Without major investment, the overcrowded network will be unable to transport people to work as London's population grows and the city would be left "in a bad way", Sir Peter Hendy said.
He said "the stakes are pretty high" and unrest would happen if transport became too crowded for people travel to work.
"London's poor don't live in Harrow Road, they live in Enfield and Tolworth and if you can't get them to jobs they want, your city's going to be in a bad way: it's not going to progress and contribute to national economic growth," he told The Guardian.
"The stakes are pretty high. If you're not able to increase transport capacity, and people find accessing work impossible, you risk social unrest. You can expect trouble."
He said Crossrail - the new east-west route through Greater London - would be "full within months" and second one would have to be built very shortly afterwards.
"You won't be able to do without it.

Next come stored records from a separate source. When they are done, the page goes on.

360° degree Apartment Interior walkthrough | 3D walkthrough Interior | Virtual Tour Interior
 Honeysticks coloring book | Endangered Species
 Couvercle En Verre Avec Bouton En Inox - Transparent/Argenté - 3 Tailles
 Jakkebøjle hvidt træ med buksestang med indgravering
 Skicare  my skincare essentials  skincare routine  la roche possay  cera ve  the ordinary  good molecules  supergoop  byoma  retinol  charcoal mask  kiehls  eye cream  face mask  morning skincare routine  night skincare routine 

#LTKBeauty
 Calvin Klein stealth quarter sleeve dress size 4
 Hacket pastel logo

In central London the overcrowding will grow to be overwhelming," he said.
London's population has surged to around 8.4 million, according to the most recent estimates, after decades of decline.
If the trend continues, the city will have 10 million people by 2030, growing by around 80,000 a year.
Hendy said the overcrowding could lead to a situation similar to that in Mumbai.
The Indian city has seen demonstrations against the congestion and steep increases to rail fares this year.
Some fares nearly tripled in some cases.
"The mad rush is a daily sufferance...at least one passenger falls off every day while trying to board it. We are injured, bruised," one commuter told The Times of India.